No será necesario recoger en las subsedes la información y los servicios a que se refieren los apartados anteriores cuando ya figuren en la sede de la que aquéllas derivan.

Las sedes electrónicas cuyo titular tenga competencia sobre territorios con régimen de cooficialidad lingüística posibilitarán el acceso a sus contenidos y servicios en las lenguas correspondientes.

Hay que destacar como la normativa presta una atención singularizada al uso de los medios de identificación y autenticación electrónica que parte de la Administración, estableciendo la necesidad de incorporación de sellos o marcas de tiempo que acrediten la fecha de adopción de los actos y documentos que se emitan. Igualmente se ha dispensado una atención especial a la autenticación en el seno de la actuación automatizada.

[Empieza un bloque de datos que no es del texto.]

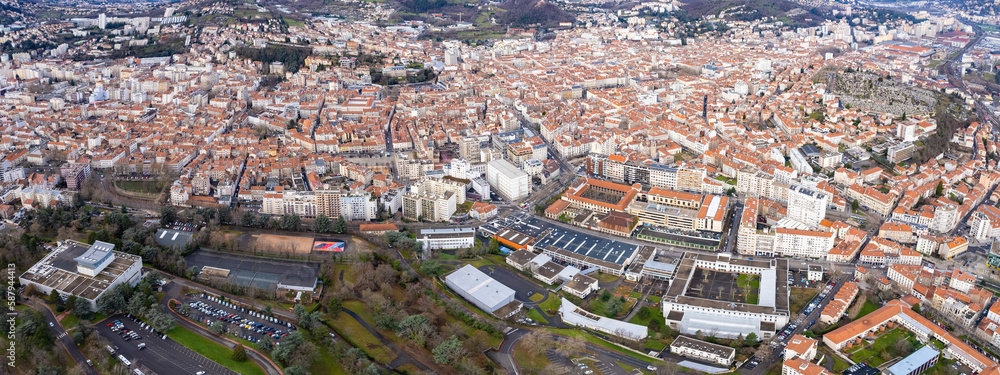 Aerial view around the city Saint-Etienne in France on a sunny morning in early spring.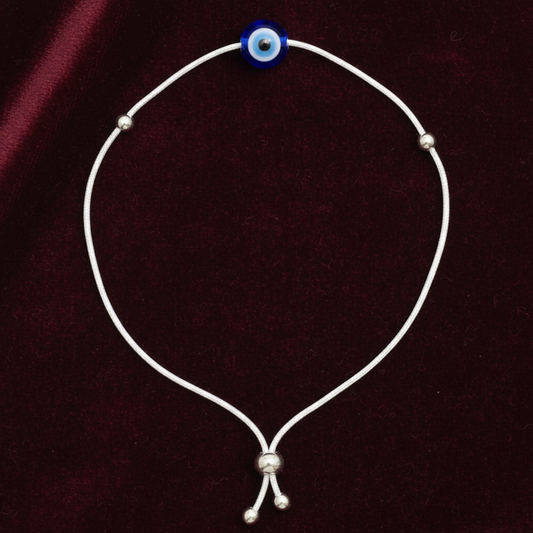 92.5 Silver Evil Eye Minimalist Adjustable Bracelet for Women | Blue Bead Design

Con respecto a la identificación de las sedes electrónicas, estas deben identificarse mediante sistemas de firma electrónica basados en certificados de dispositivo seguro o medio equivalente. Con carácter adicional y para su identificación inmediata, los ciudadanos dispondrán de la información general obligatoria que debe constar en las mismas de acuerdo con lo establecido en el real decreto.

Al respecto los certificados electrónicos de sede electrónica tendrán, al menos, los siguientes contenidos:

a) Descripción del tipo de certificado, con la denominación «sede electrónica».
b) Nombre descriptivo de la sede electrónica.
c) Denominación del nombre del dominio.
d) Número de identificación fiscal de la entidad suscriptora.
e) Unidad administrativa suscriptora del certificado.

El uso de los certificados de sede electrónica está limitado a la identificación de la sede, quedando excluida su aplicación para la firma electrónica de documentos y trámites.

El Esquema Nacional de Seguridad, al que se refiere el artículo 42 de la Ley 11/2007, de 22 de junio, determina las características y requisitos que cumplirán los sistemas de firma electrónica, los certificados y los medios equivalentes que se establezcan en las sedes electrónicas para la identificación y garantía de una comunicación segura.

Asimismo, se desarrolla la Ley en relación con las comunicaciones y notificaciones electrónicas (artículos 32 y siguientes) estableciendo las garantías necesarias para que las facilidades incluidas en la Ley 11/2007 no se conviertan en una desventaja para los intereses de los ciudadanos así como del interés general.

Igualmente, el Real Decreto es consciente de la importancia de integrar, desde la misma incorporación de los documentos, aquella información que permita su gestión, archivo y recuperación.